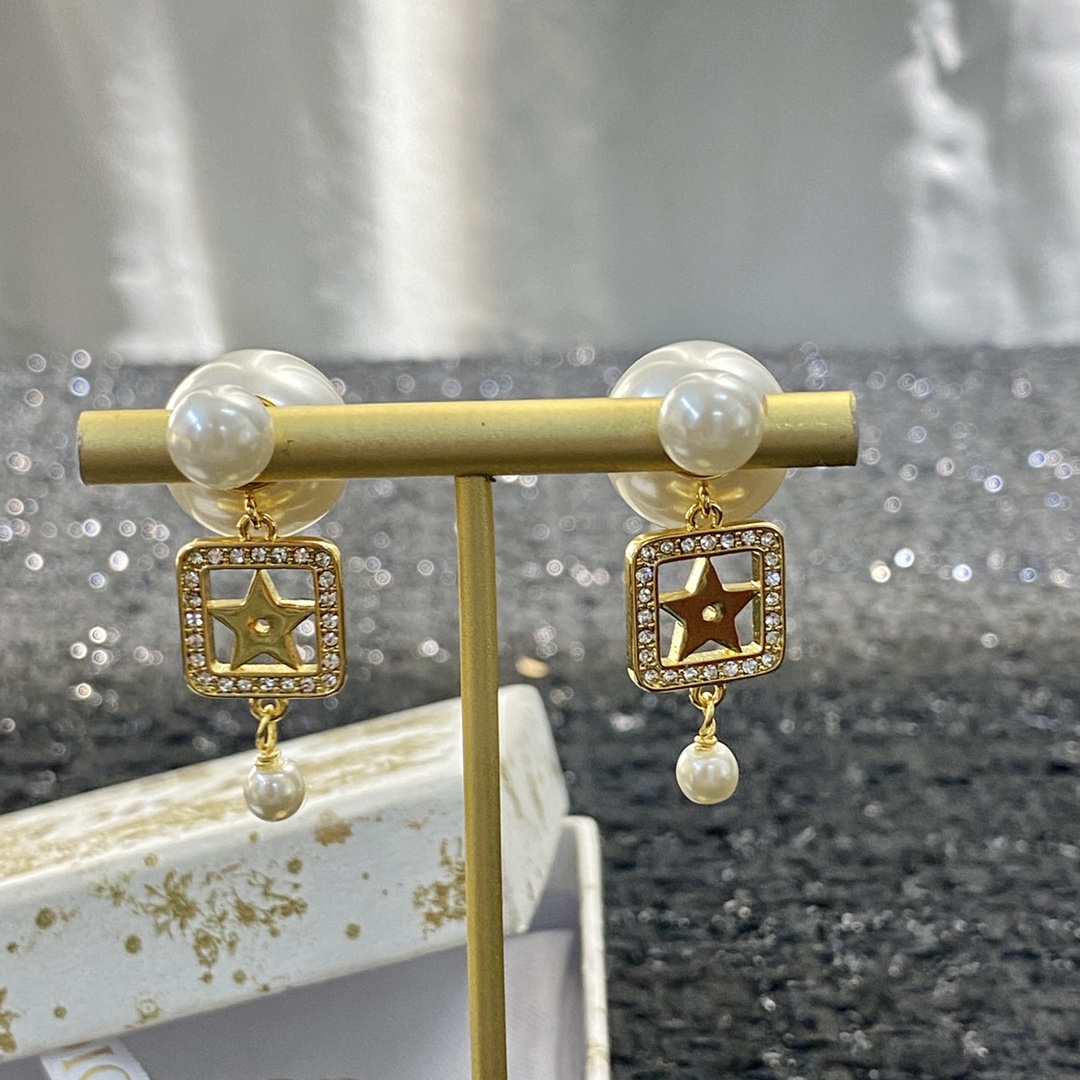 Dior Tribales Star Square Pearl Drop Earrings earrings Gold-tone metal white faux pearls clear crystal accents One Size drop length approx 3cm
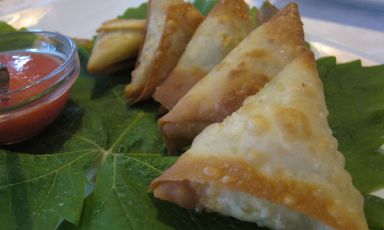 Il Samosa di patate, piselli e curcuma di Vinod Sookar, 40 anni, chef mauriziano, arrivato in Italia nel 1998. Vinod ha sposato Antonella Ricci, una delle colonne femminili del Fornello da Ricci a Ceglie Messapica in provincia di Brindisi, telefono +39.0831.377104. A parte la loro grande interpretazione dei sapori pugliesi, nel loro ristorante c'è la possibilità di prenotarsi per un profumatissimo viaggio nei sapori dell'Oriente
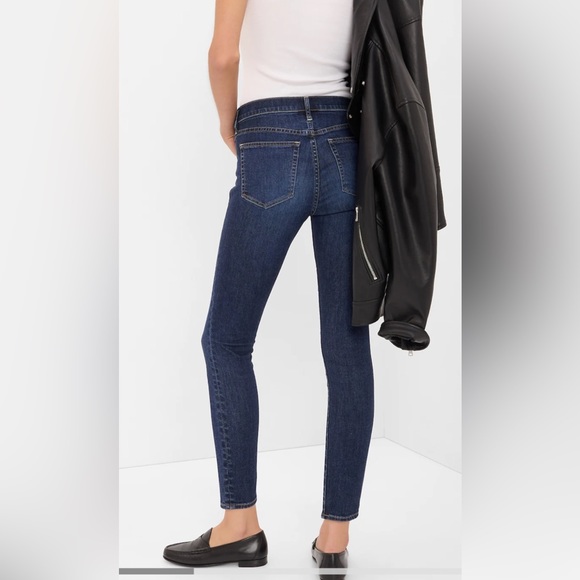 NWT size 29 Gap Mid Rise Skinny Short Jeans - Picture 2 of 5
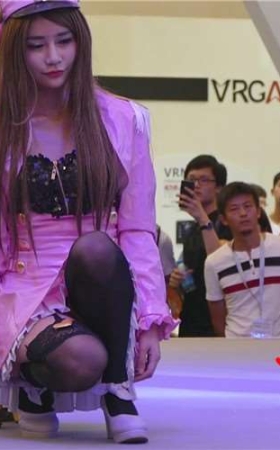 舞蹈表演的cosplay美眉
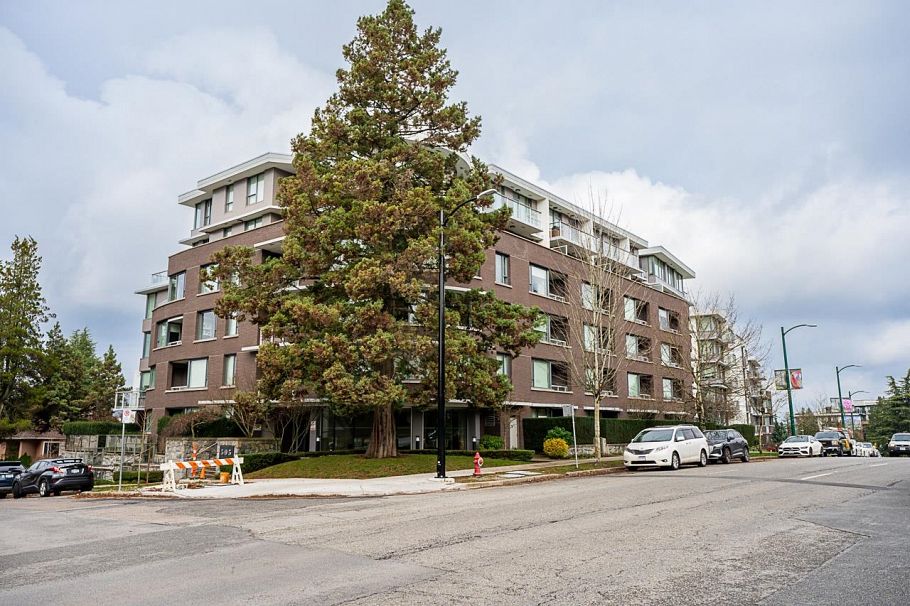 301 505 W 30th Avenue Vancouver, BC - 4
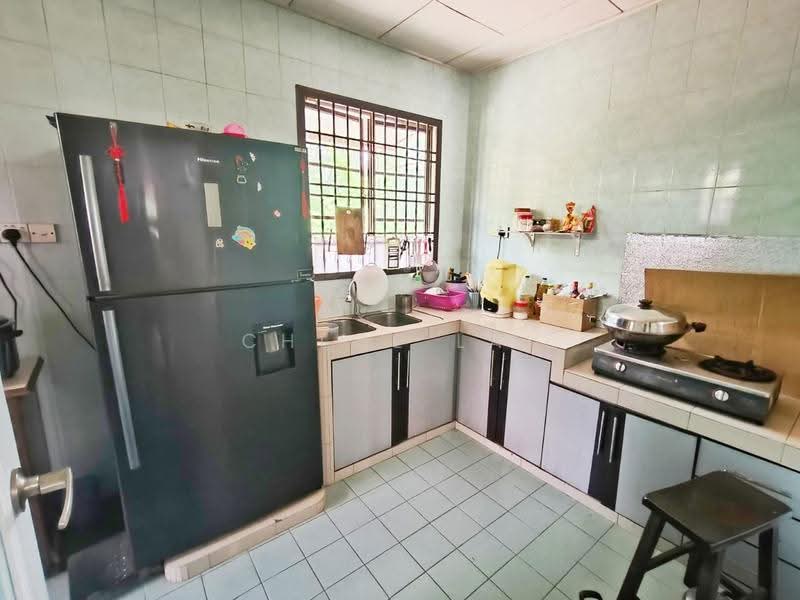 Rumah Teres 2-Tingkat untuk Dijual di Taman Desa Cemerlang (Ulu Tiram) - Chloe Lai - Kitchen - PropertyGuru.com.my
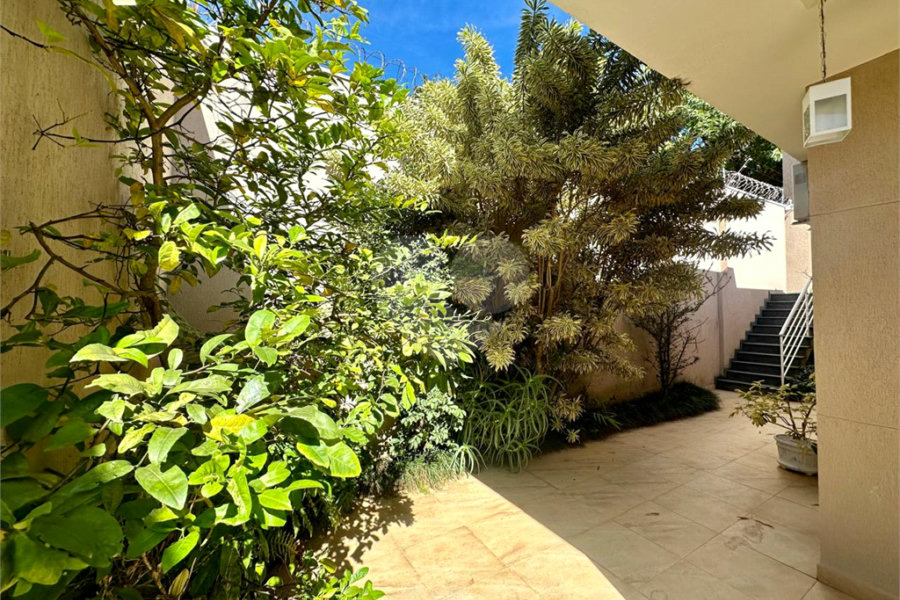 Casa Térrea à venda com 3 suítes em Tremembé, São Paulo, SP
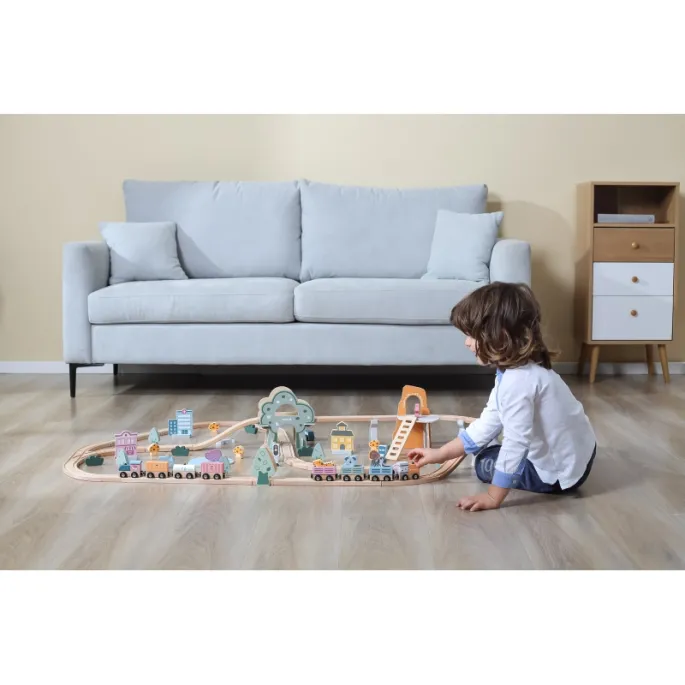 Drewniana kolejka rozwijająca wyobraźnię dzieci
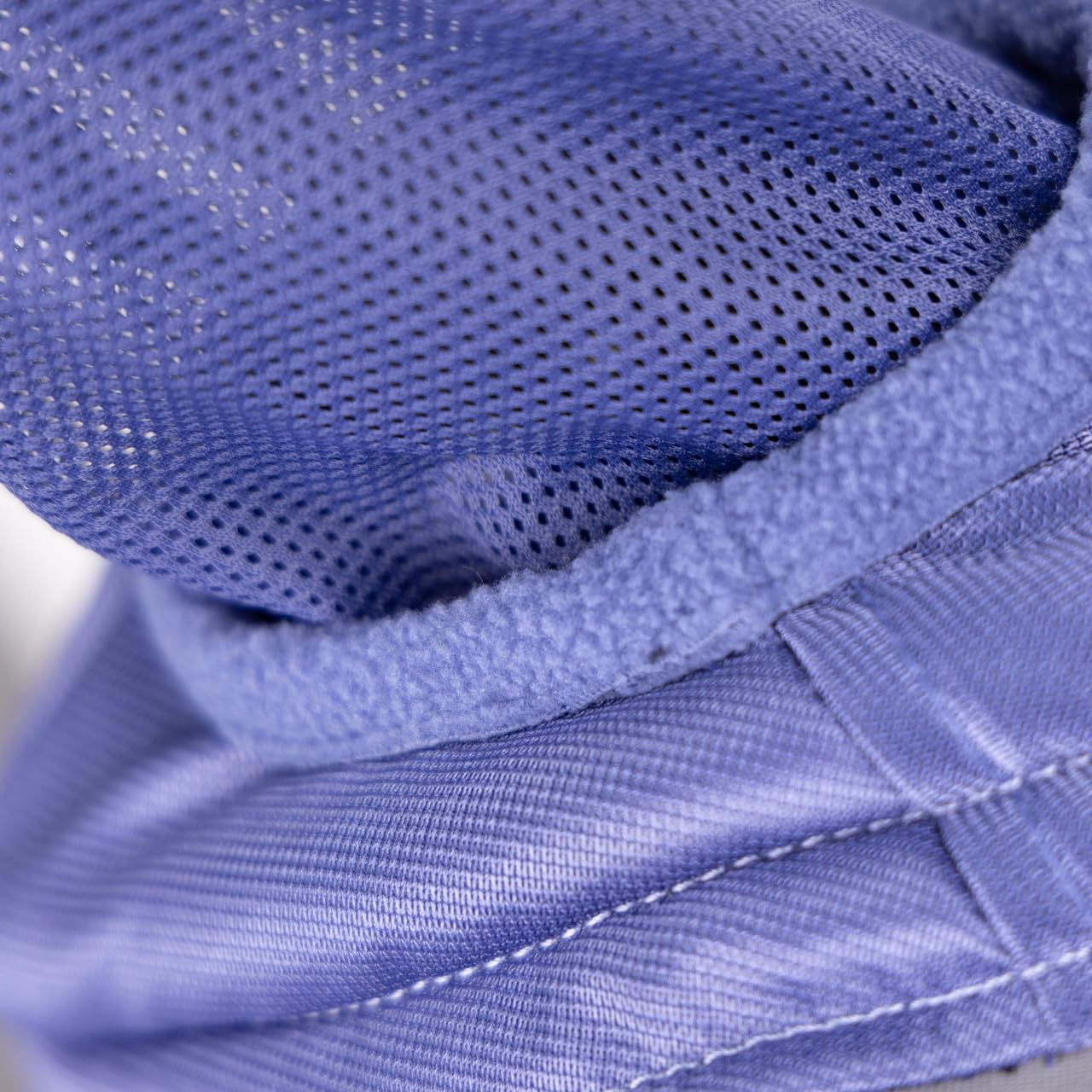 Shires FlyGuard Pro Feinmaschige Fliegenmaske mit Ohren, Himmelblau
·····
Going from the line that holds "舞蹈表演的cosplay美眉" to the end of the listing above, copy each line exactly and nothing more, leaving pictures aside.

Output:
 舞蹈表演的cosplay美眉
 301 505 W 30th Avenue Vancouver, BC - 4
 Rumah Teres 2-Tingkat untuk Dijual di Taman Desa Cemerlang (Ulu Tiram) - Chloe Lai - Kitchen - PropertyGuru.com.my
 Casa Térrea à venda com 3 suítes em Tremembé, São Paulo, SP
 Drewniana kolejka rozwijająca wyobraźnię dzieci
 Shires FlyGuard Pro Feinmaschige Fliegenmaske mit Ohren, Himmelblau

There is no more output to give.